- The Washington Times - Sunday, July 21, 2002

FROM COMBINED DISPATCHES
LOS ANGELES Prosecutors were preparing their case yesterday against a 27-year-old Southern California man after reportedly finding his DNA in samples taken from 5-year-old Samantha Runnion, who was kidnapped and killed this week.
Alejandro Avila, a factory worker acquitted in 2000 of molesting two 10-year-old girls, was arrested Friday and taken into custody by police at a motel about 10 miles from the two-lane mountain road where Samantha's bruised and naked body was discovered earlier this week.
DNA evidence found on the body of Samantha matches the man arrested in her killing, the Los Angeles Times reported yesterday, citing police sources it did not identify.
Jim Amormino, a spokesman for the Orange County Sheriff's Department, would not confirm or deny the report yesterday but said authorities have evidence linking Mr. Avila to the crime.
"We are 100 percent sure we have the right man based on circumstantial, physical and forensic evidence," Mr. Amormino said. "Forensic testing has confirmed our initial suspicion. DNA is a component of forensic testing."
On Friday, Orange County Sheriff Mike Carona said at a news conference, "I am 100 percent certain that Mr. Avila is the man who kidnapped and murdered Samantha Runnion."
In a telephone interview with the newspaper early Friday before his arrest, Mr. Avila said detectives told him they found fibers on the girl's body that linked him to the killing.
But he denied any involvement in the kidnapping and slaying, and told the newspaper he was shopping at a mall at the time of the kidnapping.
Police said they had a great deal of evidence against Mr. Avila that they would not yet reveal but expected that Orange County prosecutors would file kidnapping, murder and possibly other charges against him in the coming days.
If Mr. Avila is charged with murder under special circumstances and convicted at a jury trial, he could be eligible for the death penalty under California law. Authorities have not publicly addressed that possibility.
The abduction of Samantha on Monday in daylight as she played a board game with a 5-year-old friend shook the quiet community of Stanton, in Orange County, about 30 miles south of Los Angeles, and hit home for many in the United States, where the kidnappings of two other girls have dominated the news.
On Feb. 1, 7-year-old Danielle van Dam vanished from her canopied bed in the quiet San Diego suburb of Sabre Springs. After an anguished search of three weeks, her badly decomposed body turned up on the side of a road.
On June 5, 14-year-old Elizabeth Smart was abducted from her Utah bedroom at gunpoint witnessed by her younger sister, Mary Katherine and has not been seen since.
Samantha's kidnapping was witnessed by her 5-year-old friend, Sara, who gave police a description of the man who grabbed her friend after pretending to look for a lost puppy and then sped off with Samantha. Detectives used a composite sketch of the kidnapper created from Sara's account in tracking down Mr. Avila.

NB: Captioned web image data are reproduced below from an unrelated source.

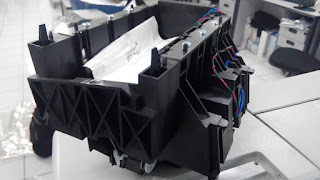 galeri-service-plotter-500-ganti-ink-supply-station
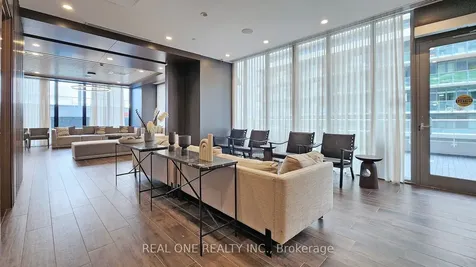 70 Annie Craig Drive Toronto ON M8V 0G2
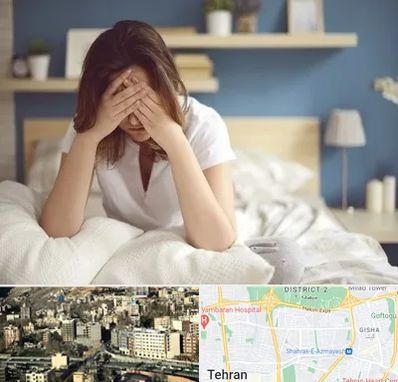 درمان زگیل تناسلی زنان در مرزداران 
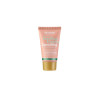 MINI ACONDICIONADOR ALISANTE BRAZILIAN BEAVER 40ML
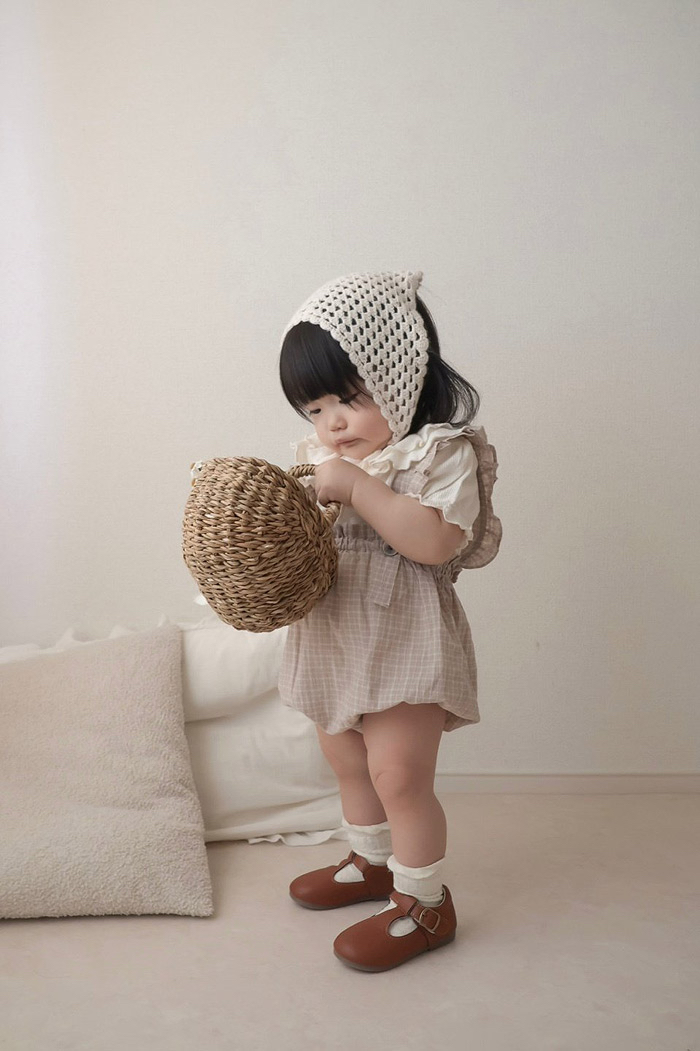 🇰🇷mimi-market 包屁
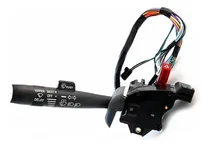 Comprar Palanca Direccional Limpiadores Chevrolet S10 2.2 1995-1998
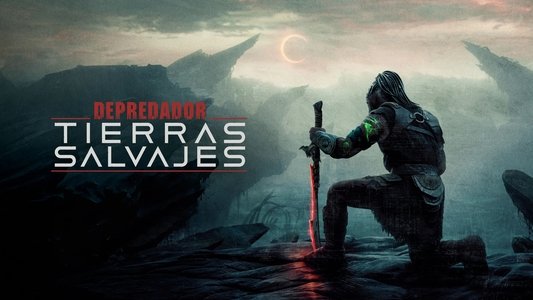 Predator: Badlands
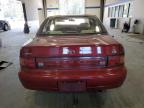 1994 Toyota Camry Le for Sale in Sandston, VA - Front End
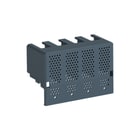 ABB - OT Toeb./onderd. laagsp.-schakeltechn. Tbh V Sch 1Sca140415R1001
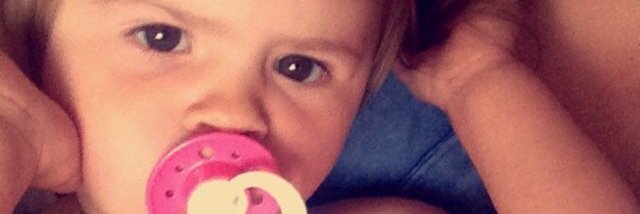 Trafford nolan banner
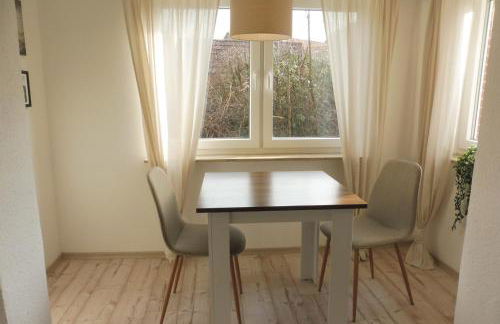 Ferienhaus Marienhafe - Foto 10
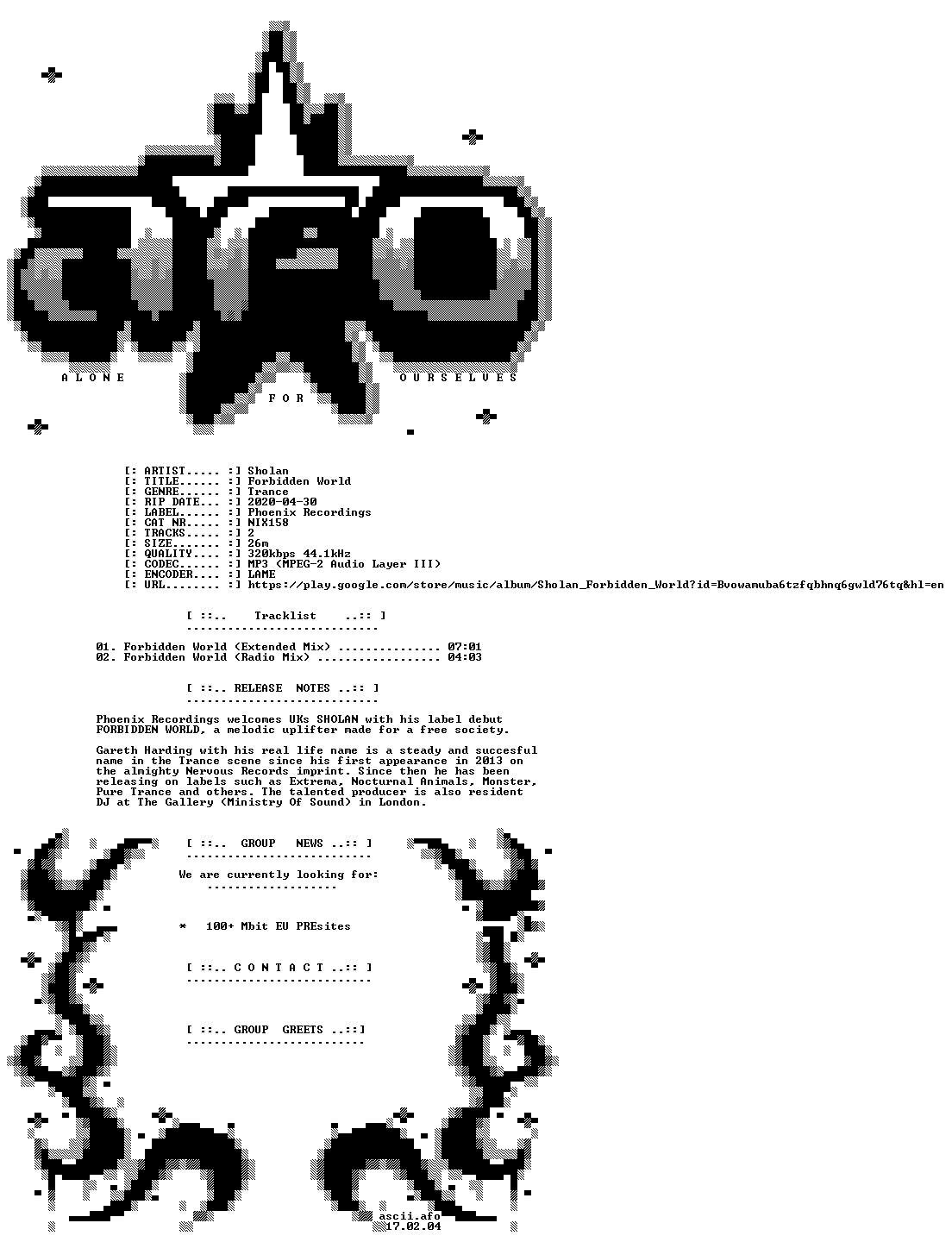 nfo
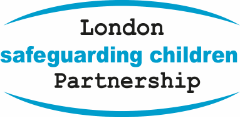 London Safeguarding Children Partnership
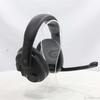 【Đã qua sử dụng】Tai nghe Gaming EPOS Chính hãng - H3 1000888 - Màu đen | JapanSport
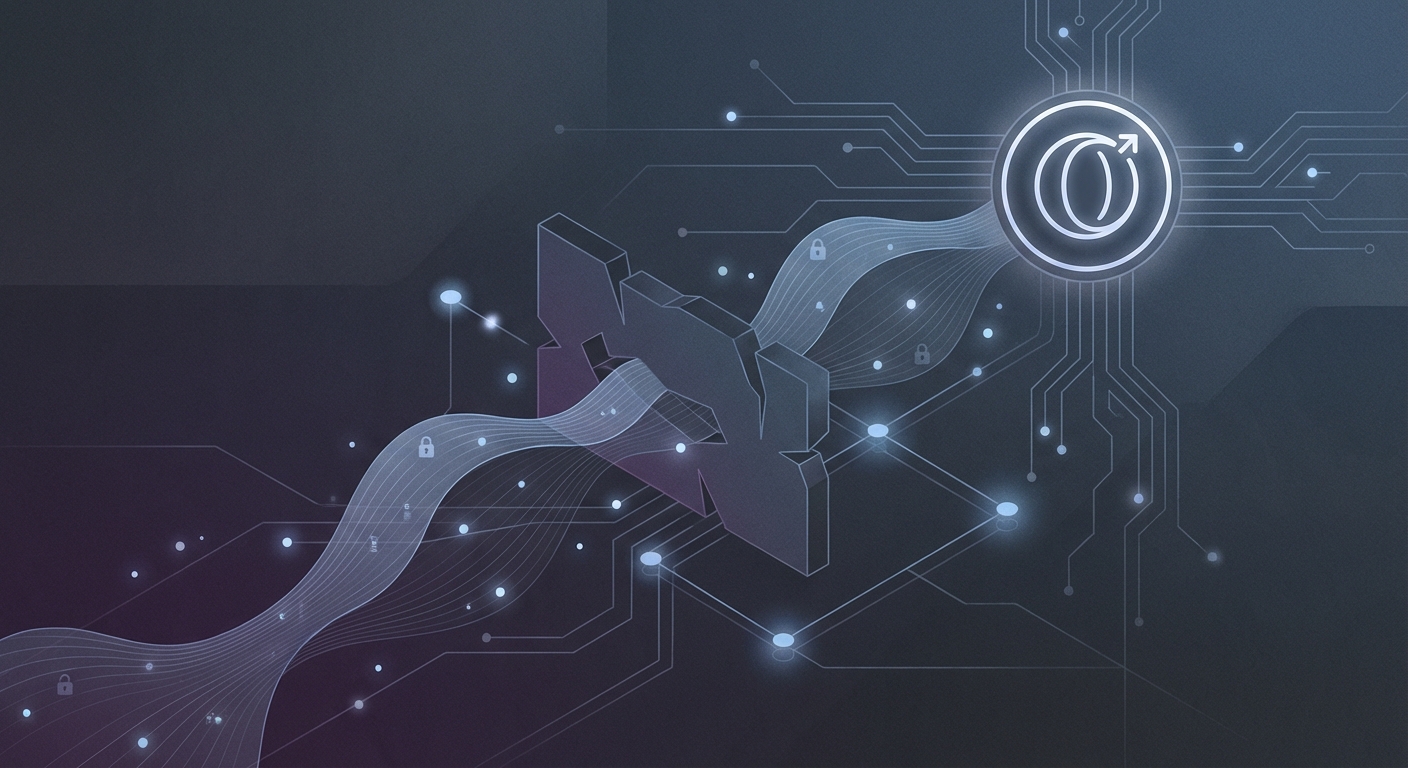 Traffic Obfuscation Techniques for Censorship-Resistant Nodes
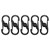 zul_pm_Nite-Ize-Karabinczyk-S-Biner-MicroLock-5-szt-Stalowy-Czarny-LSBM-01-5R7-42652_6.jpg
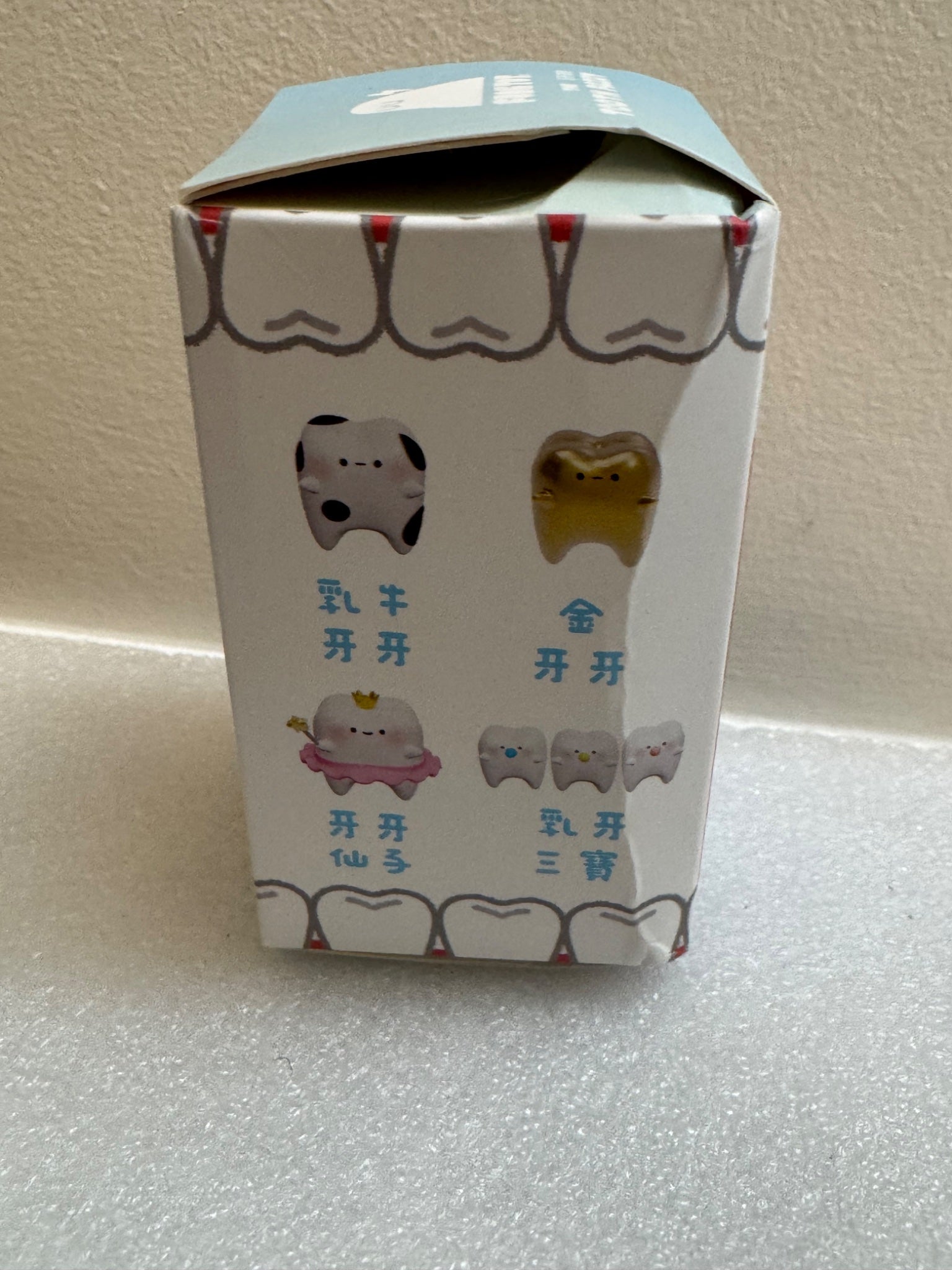 652eb54139e4ab4dc3c1b6b7_img-5797_1756502338056.jpeg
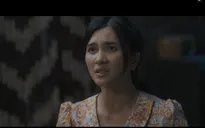 Mẹ biển - Tập 5: Ba Sịa bị hiểu nhầm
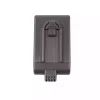 Replacement Battery For Handheld Vacuum cleaner Dyson DC16 (3000mAh) - Image 4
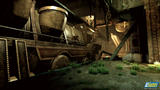 Screenshot zu Edge of Twilight - 2008/10/edgeoftwilightingamescreen__8_.jpg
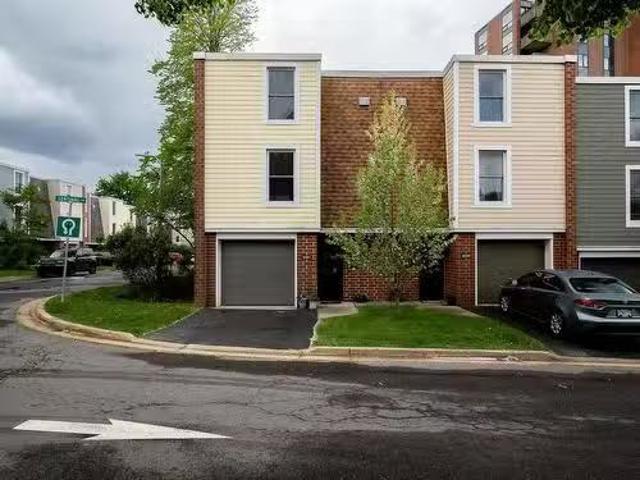 Condo for sale in Fairview, Nova Scotia
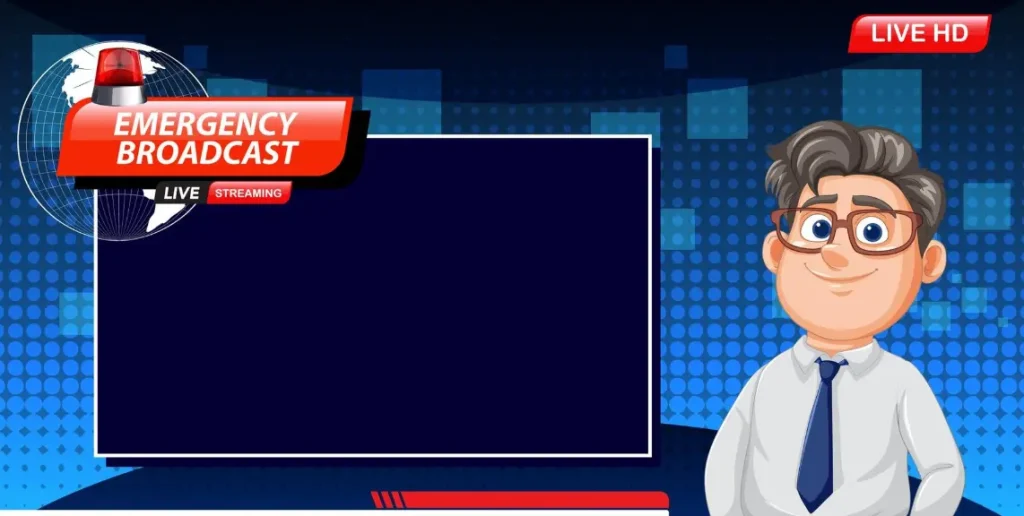 Mirillis Action 3.9.6 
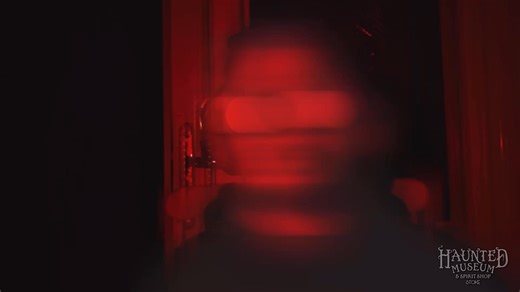 🎃 Step Into the Unknown: Ganzfeld Experiment Meets Haunted Artefacts! 👻 🕯️ Do you dare to challenge your senses? We offer a rare opportunity to participate in the Ganzfeld Experiment — an eerie psychological test that blurs the line between reality and the unknown — while you're surrounded by 600 haunted artefacts from our exclusive collection. 🏺🔮 🌕 What is the Ganzfeld Experiment? The Ganzfeld experiment is a sensory deprivation technique designed to explore perception and telepathy. Part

"I have got to thank Sara," Sheriff Carona said. "She is an incredible witness. She has been magnificent all through this. She made the comment the other day that she was not sad anymore because she knows Samantha is in heaven."
Police were alerted to Mr. Avila by his former girlfriend and the manager of his apartment complex, who said she noticed he was closely examining his car, a green Ford Thunderbird, in the days after Samantha's death.